Refer to the implementation solution of the 2nd place in the Baidu Table Detection Competition, and retrain with a large amount of real-world scenario data.
The training dataset is acknowledged. The author works on open-source projects during spare time, please support by giving a star.

Usage Recommendations

Document scenarios: No perspective rotation, use only object detection.
Photography scenarios with small angle rotation (-90~90): Default top-left corner, do not use corner direction recognition.
Use the online experience to find the suitable model combination for your scenario.

Online Experience

modelscope huggingface

Effect Demonstration

Installation

Models will be automatically downloaded, or you can download them from the repository modelscope model warehouse.
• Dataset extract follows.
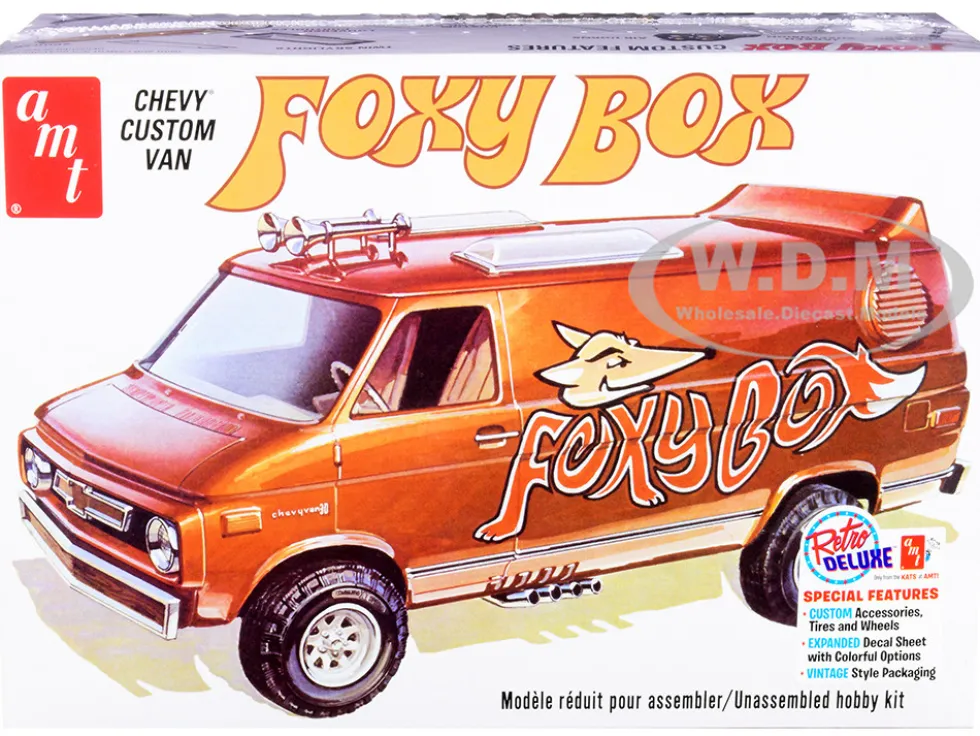 Skill 2 Model Kit Chevrolet Custom Van Foxy Box 1/25 Scale Model AMT AMT1265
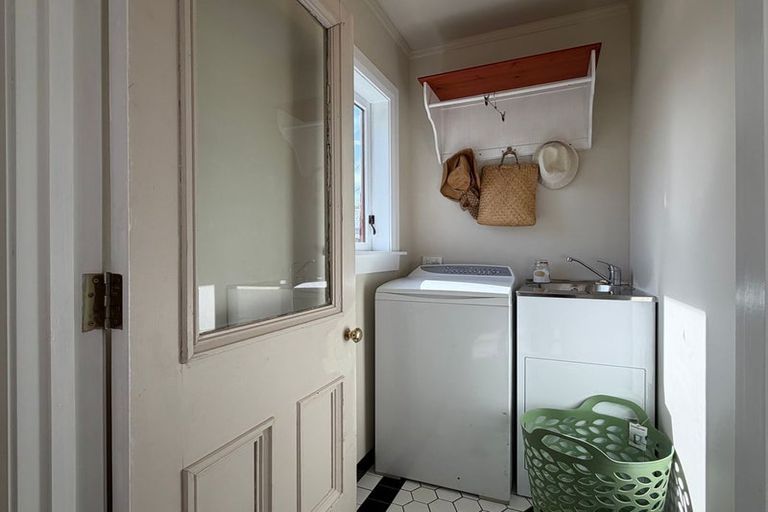Photo of property in 29 Dahlia Street, Palmerston North, 4410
pip install rapid-table-det

Parameter Explanation

Default values:

use_cuda: False: Enable GPU acceleration for inference.
obj_model_type="yolo_obj_det": Object detection model type.
edge_model_type="yolo_edge_det": Edge detection model type.
cls_model_type="paddle_cls_det": Corner direction classification model type.

Since ONNX has limited GPU acceleration, it is still recommended to directly use YOLOX or install PaddlePaddle for faster model execution (I can provide the entire process if needed). The PaddlePaddle S model, due to quantization, actually slows down and reduces accuracy, but significantly reduces model size.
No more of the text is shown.